RAL Tier1 weekly operations castor 03/08/2015

From GridPP Wiki
Jump to: navigation, search

Operations News

  • Proposed CASTOR face to face W/C Oct 5th or 12th
  • New SRM version under testing. Works OK for a single job but hits trouble with many jobs.
  • SL6 disk server config now testable, although needs solution for CV11 nodes and hooks to add WAN tuning.

Operations Problems

  • CMS still upset. We believe that the current blocker is the read rate from disk - for this reason we are looking at undoing the 'heart bypass' implemented for CMS and using the scheduler again.
    • AL is trying to reproduce this on preprod.
  • The large numbers of checksum tickets seen by the production team are thought to be due to the rebalancer. RA to test this to see if that can be blamed on the rebalance un-sticking script.
  • BD and SdW investigating double putstart problem
  • The gridmap file on the the webdav host lcgcadm04.gridpp.rl.ac.uk is not auto-updating - needed for lhcb and vo.dirac.ac.uk


Blocking Issues

  • grid ftp bug in SL6 - stops any globus copy if a client is using a particular library. This is a show stopper for SL6 on disk server.

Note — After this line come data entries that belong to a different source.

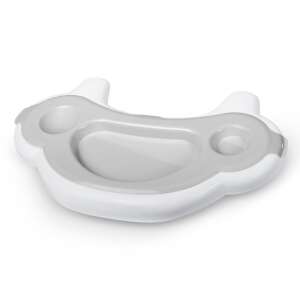 Sinco Ricokids etetőszék tálca szürke színben - Ricokids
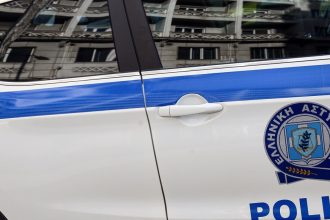 Πάτρα: Αστυνομικός χτύπησε με το αυτοκίνητο τον αδερφό του και μετά του επιτέθηκε με σιδερολοστό
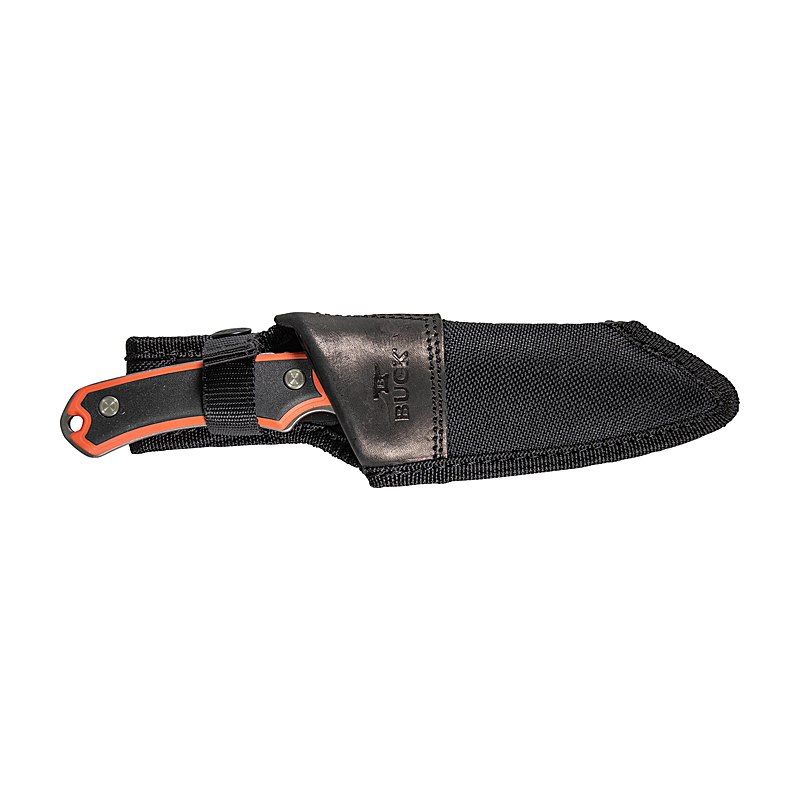 Buck Jagdmesser 663 Alpha Guide Select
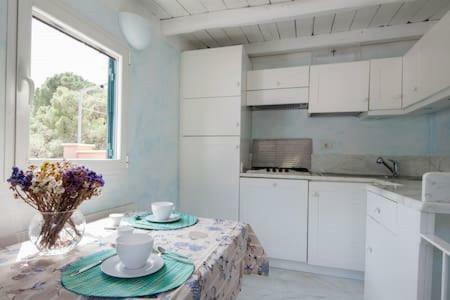 Apt. With An Exciting View Monterosso al Mare Buitenkant foto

Planned, Scheduled and Cancelled Interventions

  • Stress test SRM poss deploy week after (Shaun)
  • Upgrade CASTOR disk servers to SL6
  • Downtime 4th Aug for network test


Advanced Planning

Tasks

  • Proposed CASTOR face to face W/C Oct 5th or 12th
  • Discussed CASTOR 2017 planning, see wiki page.

Interventions


Staffing

  • Castor on Call person next week
    • RA
  • Staff absence/out of the office:
    • RA out Friday morning
    • CP probably back Mon
    • SdW out all week

New Actions

  • RA to undo CMS's 'heart bypass' (unscheduled reads) to see if read rates are improved
    • AL to look at optimising lazy download
  • BD to set all non-target ATLAS nodes to R/Only to see if it stops partial file draining problem
  • RA to investigate why we are getting partial files
  • BD to chase AD about using the space reporting thing we made for him
  • JS, RA and GS to propose dates for Oracle 11.2.0.4 patching.


Existing Actions

  • SdW to modify cleanlostfiles to log to syslog so we can track its use - under testing
  • SdW to look into GC improvements - notify if file in inconsistent state
  • SdW to replace canbemigr test - to test for file that have not been migrated to tape (warn 8h / alert 24h)
  • RA/JJ to look at information provider re DiRAC (reporting disk only etc)
  • All to book meeting with Rob re draining / disk deployment / decommissioning ...
  • RA to look into procedural issues with CMS disk server interventions
  • BC to document processes to control services previously controlled by puppet
  • GS to arrange meeting castor/fab/production to discuss the decommissioning procedures
  • GS to investigate providing checks for /etc/noquattor on production nodes & checks for fetch-crl - ONGOING
  • RA to get jobs thought to cause CMS pileup
  • BC / RA to write change control doc for SL6 disk
  • SdW testing/working gfalcopy rpms
  • Someone - mice, what access protocol do they use?

Completed actions

  • RA/GS to write some new docs to cover oncall procedures for CMS with the introduction of unscheduled xroot reads
  • RA/AD to clarify what we are doing with 'broken' disk servers
  • GS to ensure that there is a ping test etc to the atlas building
  • BC to put SL6 on preprod disks.
  • RA to remove Facilities disk servers from cedaRetrieve to go back to Fabric for acceptance testing.